The Tinkle of Your Eye
By Troy Manning
According to my parents, I wasn’t exactly an “oops” and I wasn’t exactly planned. Much of my life has since been an exercise in trying to understand what they meant. But as each direct query to their meaning only met with even more cryptic responses, my tactics have become more experimental in nature. I recall one instance when my mother told me that I was once a Twinkie in my father’s eye. My father corrected her and said I was never his eye’s Twinkie but its apple with which he baked forbidden pie. On another occasion, he sat me down to tell me the story of the early birds and the busy bees. I remember squirming at the plight of the worms as the birds dug them up from their holes while the bees busily injected them with their poison. The worms swelled until they exploded like frenzied car-bombers, and aluminum shards littered the landscapes of unwitting lives like those of my parents. I felt just terrible.
After getting some integrative counseling, I again felt ready to face the world. I ceased to ask my parents for explanations of my origins and instead majored in cellular biology. I learned a lot in that program, about both my cells and yours. I remember, for instance, when we scraped some of the skin from your scalp and looked at it under the microscope. We observed the organisms that lived in your tissue and remarked at how well they all seemed to get on.

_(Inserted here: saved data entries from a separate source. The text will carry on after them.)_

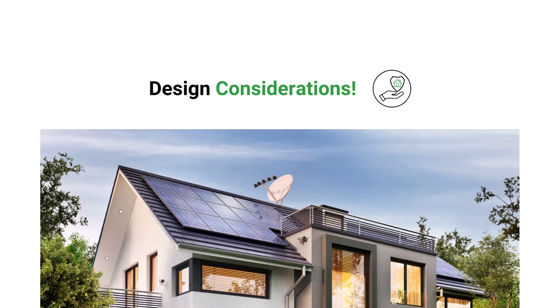Hello everyone, welcome to another video from Mesolite Visual. Today we're going to look at design considerations for a solar powered house.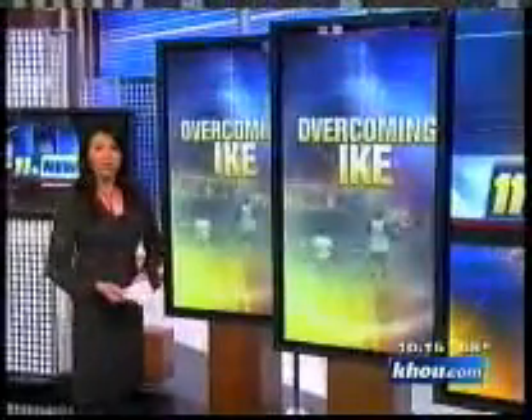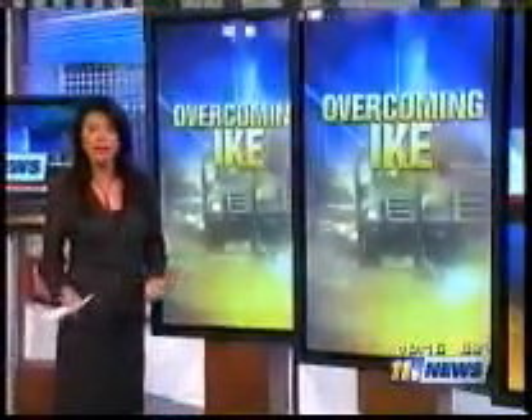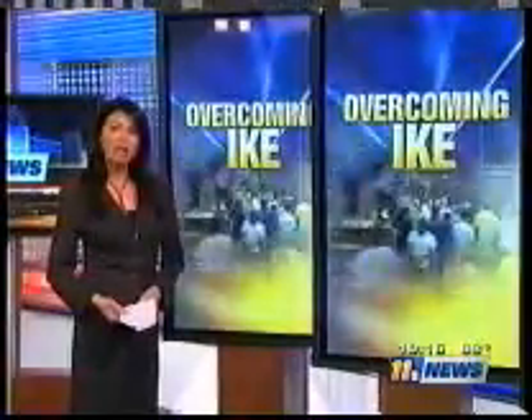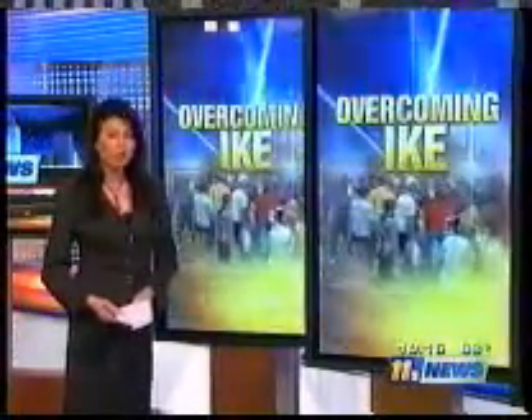Ike clearly showed us how devastating wind can be, even if you don't live in a high wind area. It often does the most damage where you might least expect it. 11 News reporter Sherman Chow takes a look at wind damage and the little-known option for shoring up the weakest part of the building: the windows.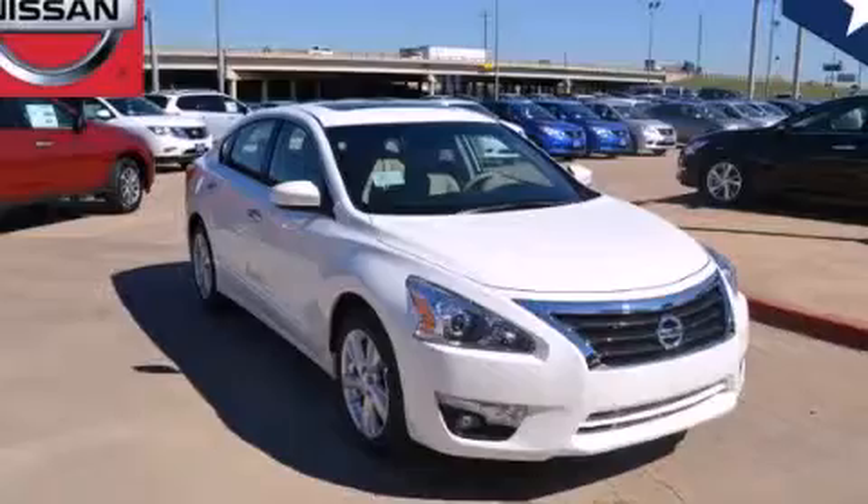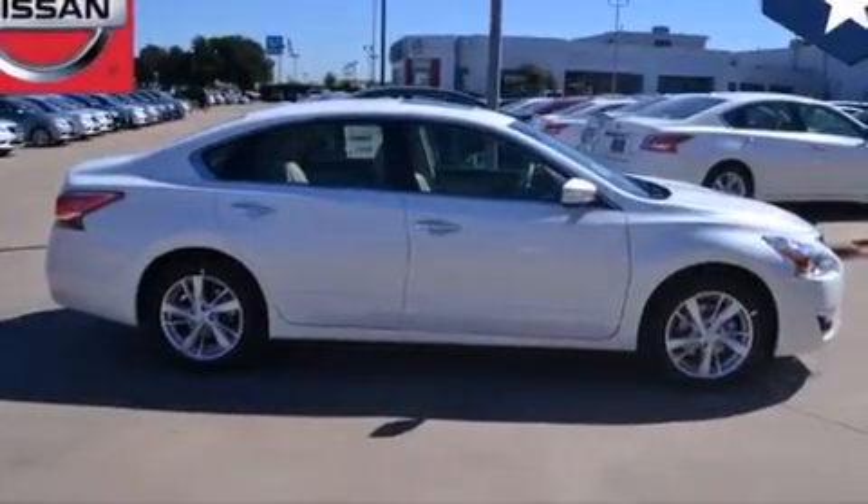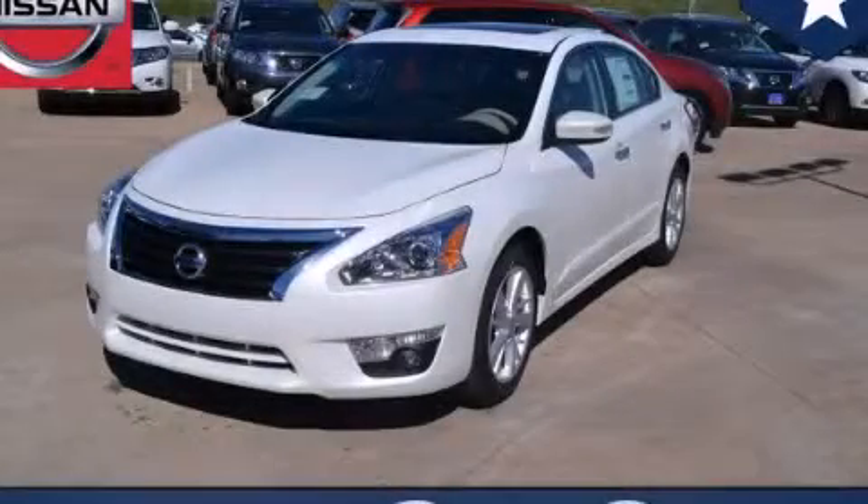With an EPA estimated rating of 38 miles per gallon on the highway, fuel efficiency does not take a back seat. We invite you to contact us today to learn more about this vehicle.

You said it reminded you of your childhood home in St. Paul and the symbiosis of the relationships displayed therein. When, however, we scraped my head, it was an altogether different story. Do you remember the discord, the dissonance, the disarray? A tear fell from your eye, so we quickly scooped it onto the glass slide for examination. We observed with wonder at how everything seemed to coalesce so harmoniously. The fluid from your eye was like a cleansing flood that swept away the obstreperous players from the stage of my head-tissue, while a quiet, satisfying resolution pervaded the set. The smiles that ornamented the remaining organisms’ visages were something to behold. I took your hand and you didn’t withdraw it. We pledged even then we would never tell our children they were an “oops,” or an auto accident, or a Hostess product. To the contrary, they would be nothing less sublime than the tinkle from your eye.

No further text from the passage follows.